Inévitablement, certains mots sont connotés et semblent devoir être soumis à une grille de lecture bien précise, et particulièrement quand leur usage rappelle de près ou de loin le génocide juif perpétré sous le régime nazi. Que certains n’hésitent pas à hisser au rang de seul génocide de l’Histoire. Tous les autres n’accédant pas à ce « label »…
Tout cela ne traduit-il pas, sans bien nous en rendre compte sans doute, une certaine culpabilité, palpable jusque dans l’usage même d’un mot, comme si celui-ci devait être « mérité » par la situation qu’il recouvre ?...

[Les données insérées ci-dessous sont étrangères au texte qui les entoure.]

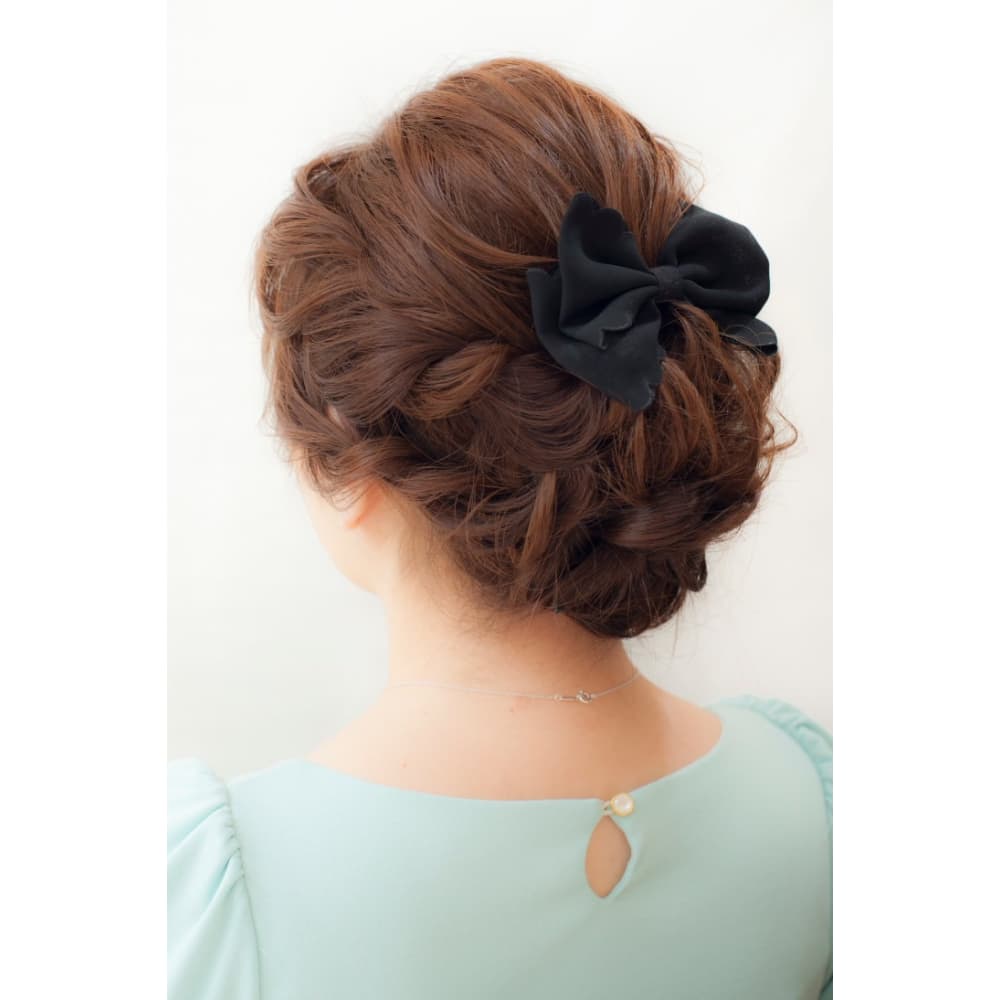 海外セレブ風 ルーズアップ 結婚式 二次会にも Broto ブロット のヘアスタイル 美容院 美容室を予約するなら楽天ビューティ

Méfions-nous donc... de nous-mêmes, pour commencer.
S’écarter de la définition qu’en donne l’ONU au profit de celle qu’en donnerait tel ou tel intervenant (sur base de quoi ?... son avis ou son sentiment personnel est-il un meilleur critère !?) ne me semble pas une démarche appropriée. Parce qu’elle ouvre la porte à toute interprétation, en fonction du « camp » dans lequel on se situe, du moment où l’avis est émis, et d’une foule de critères plus subjectifs les uns que les autres.

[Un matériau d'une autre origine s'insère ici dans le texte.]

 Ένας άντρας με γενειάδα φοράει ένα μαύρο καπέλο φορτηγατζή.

Tout au contraire, je pense que dans ce cas (comme dans d’autres), il conviendrait de coller au plus près à ce que l’ONU propose, afin d’éviter une interprétation (et dans la foulée, une justice) à géométrie variable.
Peut-être est-il intéressant de parler comme Ilan Pappé de "génocide lent"... ce qui renvoie à une autre terminologie onusienne quand il est question de conflit de "basse, moyenne ou haute intensité"...
Ce genre de nuance peut s’avérer utile, pour autant qu’elle ne serve pas à camoufler une réalité...
Je pense donc que lorsqu’on examine les critères onusiens de base (les points a-b-c-d-e, ci-dessous) * qui permettent ou non l’usage du mot "génocide", plusieurs de ces critères sinon tous y autorisent dans le conflit qui se déroule en Palestine.
Et si nous y sommes si réticents, n’est-ce pas parce que nous n’avons pas encore réglé nous-mêmes nos problèmes de conscience vis à vis du génocide juif et que nous y collons automatiquement une notion quantitative de victimes ? (Mais alors à partir de combien !?)
Ce qui traduit peut-être bien une forme d’aliénation...
Par ailleurs, n’y aurait-il qu’un seul terme qui soit vraiment approprié ? N’est-ce pas-là une nouvelle forme d’aliénation ?
Le plus objectivement possible, et dans le cadre définit par l’ONU, n’y a-t-il pas dans la situation palestinienne, tout à la fois :
une politique d’apartheid, entraînant un transfert et un nettoyage ethnique qui au fil du temps et des évènements qui s’enchaînent dans cette logique mortifère, prend des allures de génocide... lent ?
Pour ma part, et dans mon prochain livre, c’est en ces termes que j’en parle.
Je ne me censure pas sur cette terminologie, parce que je crois qu’une forme de génocide est effectivement mise en application par les stratèges israéliens qui ont l’art de "jouer" sur ces limites... jusqu’à nous y enfermer, prisonniers de notre propre langage...
Daniel Vanhove –
Observateur civil
09.02.08
* Dans la Convention des Nations Unies du 9 décembre 1948 pour la Prévention et le répression du Crime de génocide, celui-ci s’entend lorsque l’un des actes ci-après est commis dans l’intention de détruire, tout ou en partie, un groupe national, ethnique, racial ou religieux, comme tel :
a - Meurtre de membres du groupe ;
b - Atteinte grave à l’intégrité physique ou mentale de membres du groupe ;
c - Soumission intentionnelle du groupe à des conditions d’existence devant entraîner sa destruction physique totale ou partielle ;
d - Mesures visant à entraver les naissances au sein du groupe ;
e - Transfert forcé d’enfants du groupe à un autre groupe.